[Image-caption web data]
<<<<
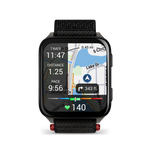 Garmin Venu X1 Black with Slate Titanium Caseback and Black ComfortFit Nylon Band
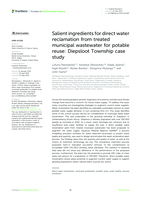 Salient ingredients for direct water reclamation from treated municipal wastewater for potable reuse: Diepsloot Township case study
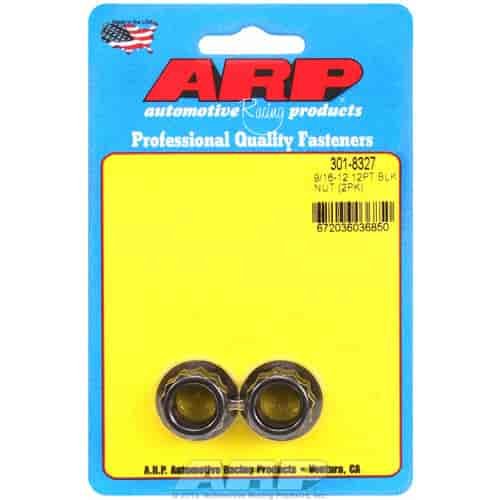 Black Oxide 12-Point Nuts 9/16"-12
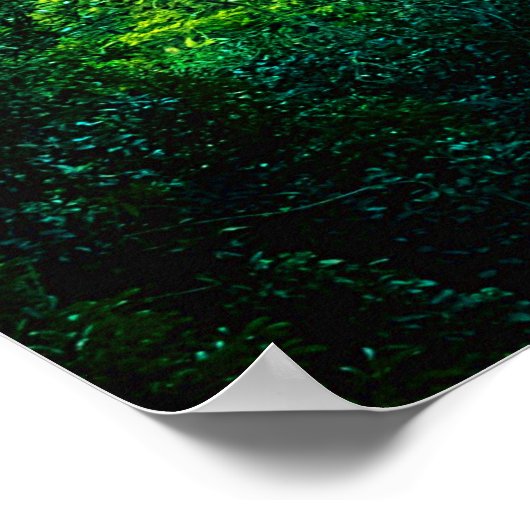 Poster Cascade tropicale de la forêt tropicale (Coin)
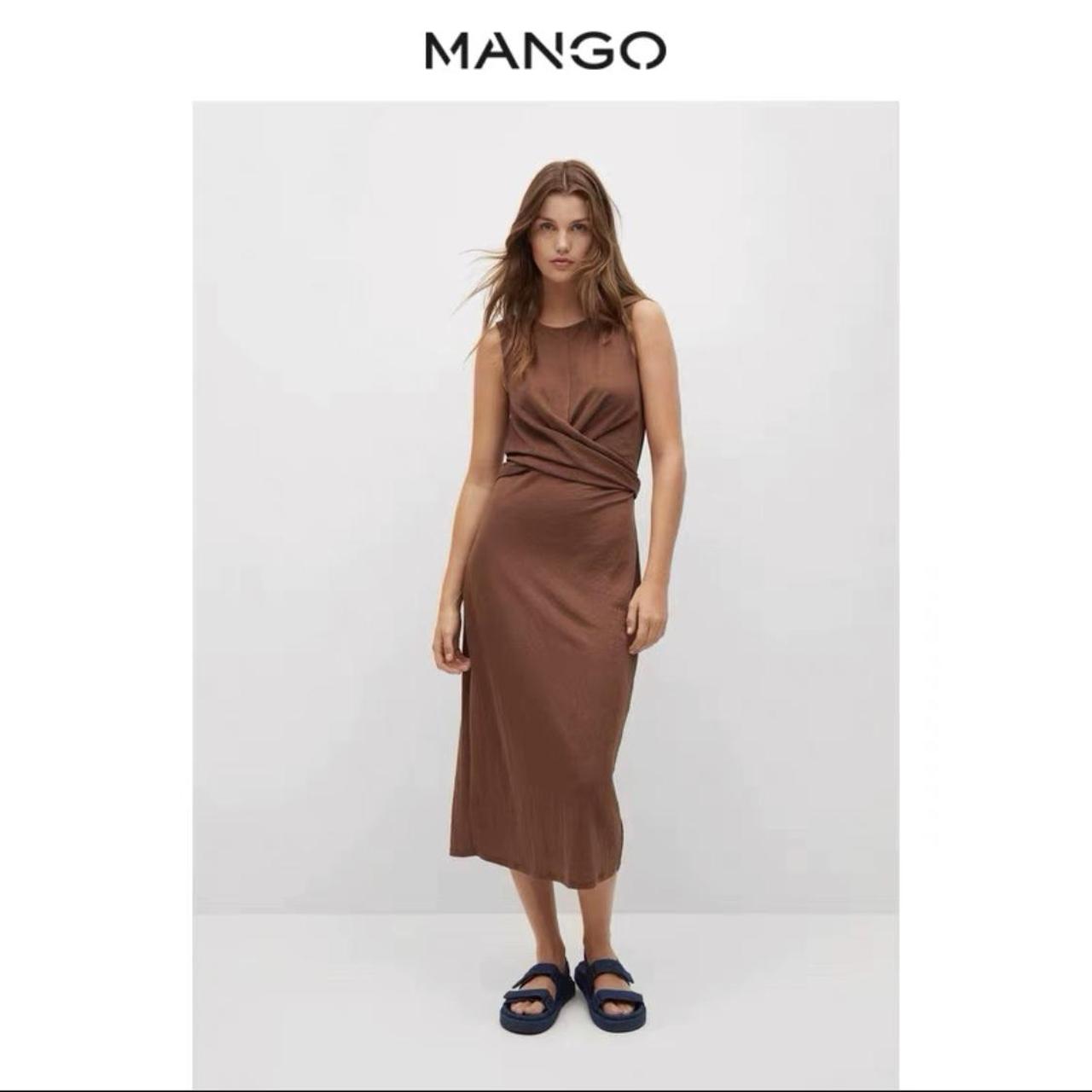 Mango Women's Brown Dress Depop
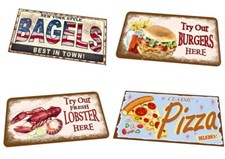 Bar Cafe Vintage Metal Signs American Diner Retro Sign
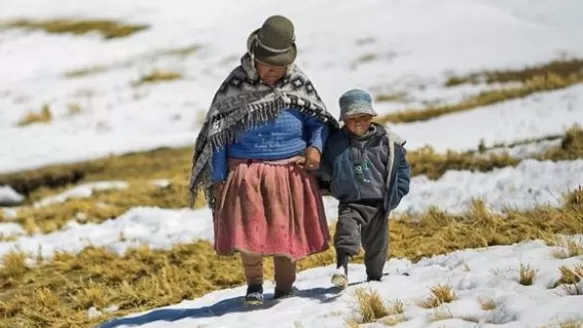 Declaran estado de emergencia por nevadas y heladas. Foto: Referencial/archivo El Comercio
>>>>
• ACTIVITY: Write out the records once more, word for word, though without the pictures they contain.

• SOLUTION TO THIS EXERCISE:
 Garmin Venu X1 Black with Slate Titanium Caseback and Black ComfortFit Nylon Band
 Salient ingredients for direct water reclamation from treated municipal wastewater for potable reuse: Diepsloot Township case study
 Black Oxide 12-Point Nuts 9/16"-12
 Poster Cascade tropicale de la forêt tropicale (Coin)
 Mango Women's Brown Dress Depop
 Bar Cafe Vintage Metal Signs American Diner Retro Sign
 Declaran estado de emergencia por nevadas y heladas. Foto: Referencial/archivo El Comercio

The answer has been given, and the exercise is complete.